We investigated dust in the Crab Nebula which lies about six and a half thousand light years away from Earth and is the remnant of a supernova originally seen by Chinese Astronomers in 1054 AD. Starting out at 12-15 times more massive than the Sun, all that was left after the dramatic death of the star is a tiny, rapidly rotating neutron star and a complex network of ejected stellar material. The Crab Nebula is well known for its intricate nature, with beautiful filamentary structures seen at visible wavelengths. Now, for the first time, astronomers can see exquisite filaments of dust shining in the far-infrared region of the electromagnetic spectrum.

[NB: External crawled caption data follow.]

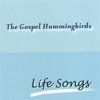 The Gospel Hummingbirds - County Fair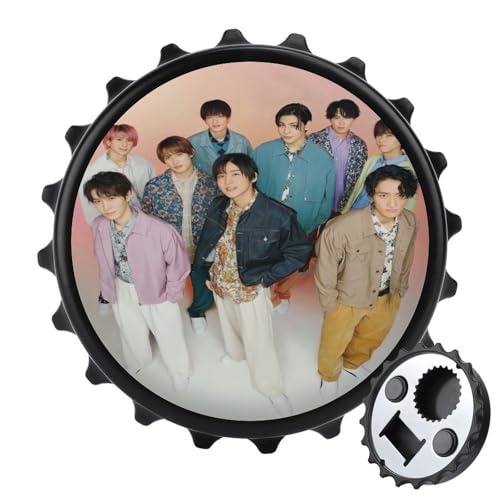 ���C���I�[�v�i�[ Snow Man �X�m�[�}�� 2 �①�Ƀ}�O�l�b�g ���p ���� �\�����G�i�C�t �𔲂� �R���N���� ���� �����i �ƒ�p One Size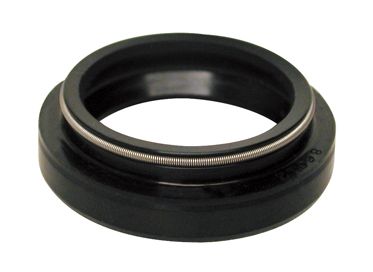 Johnson / Evinrude V4/V6/V8 Prop Shaft Seal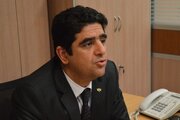 در چه صورتی اسرائیل به ایران حمله نمی‌کرد؟ +ویدیو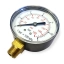 Манометры и регуляторы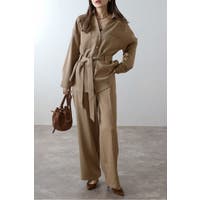 BONJOUR SAGAN | BLEW0009036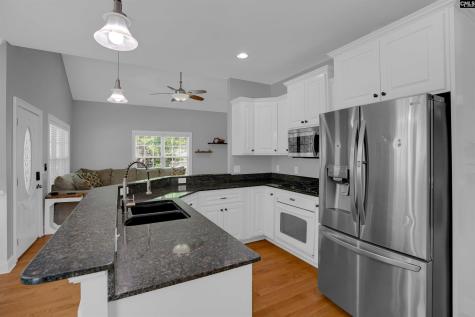 224 Spartan Drive Columbia SC 29212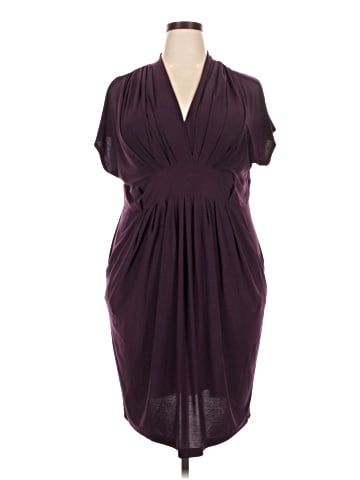 Bisou Bisou Cocktail Dress (view 1)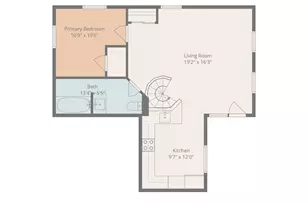 809 Grant Ave, Jackson, MI 49203 - Photo 35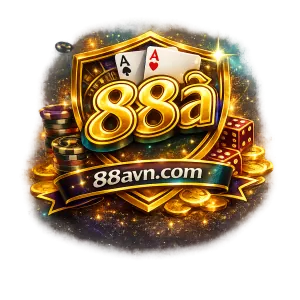 Kho game đa dạng từ casino, nổ hũ đến thể thao tại Zowin Khuyến Mãi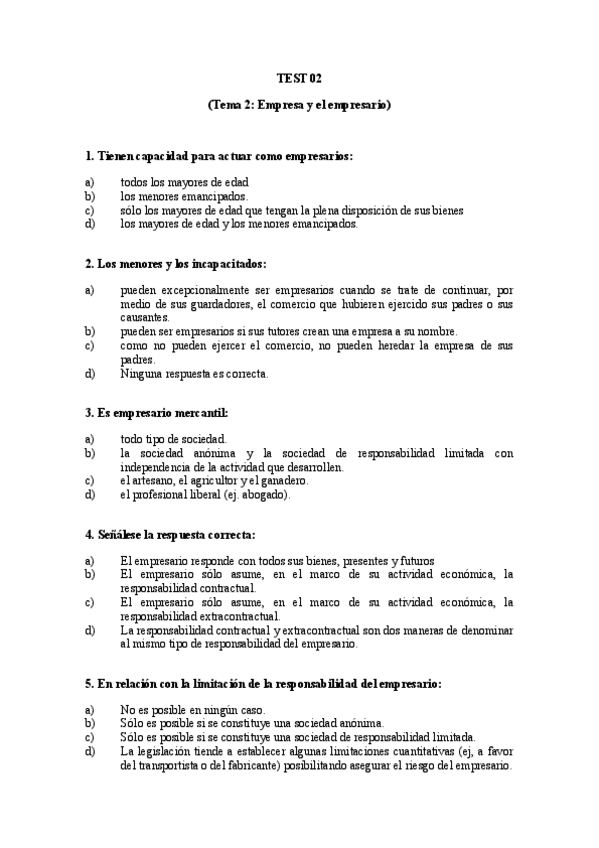 Miniatura del documento testtema2.pdf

After ruling out other sources of light in the infrared spectrum, we used Herschel to see great detail in the the far-infrared, and found filaments are made of cosmic dust. This provides definitive evidence that the Crab Nebula is an efficient “dust factory”, containing enough dust to make around 30,000-40,000 planet Earths. Unlike in Cas A, the dust may be made of mostly carbon materials, crucial for the formation of planetary systems like our own Solar System.

In many supernova remnants, most of any dust freshly-formed is destroyed as it ploughs into the surrounding gas and dust, crushed by the violent shock waves. A final treat is that the Crab Nebula is a much kinder environment for dust grains, so the dust does not seem to be destroyed (see also Gall et al 2014, Gomez et al 2014). This may be the first observed case of dust being freshly “baked” in a supernova and surviving its outward journey carried along by the shock wave.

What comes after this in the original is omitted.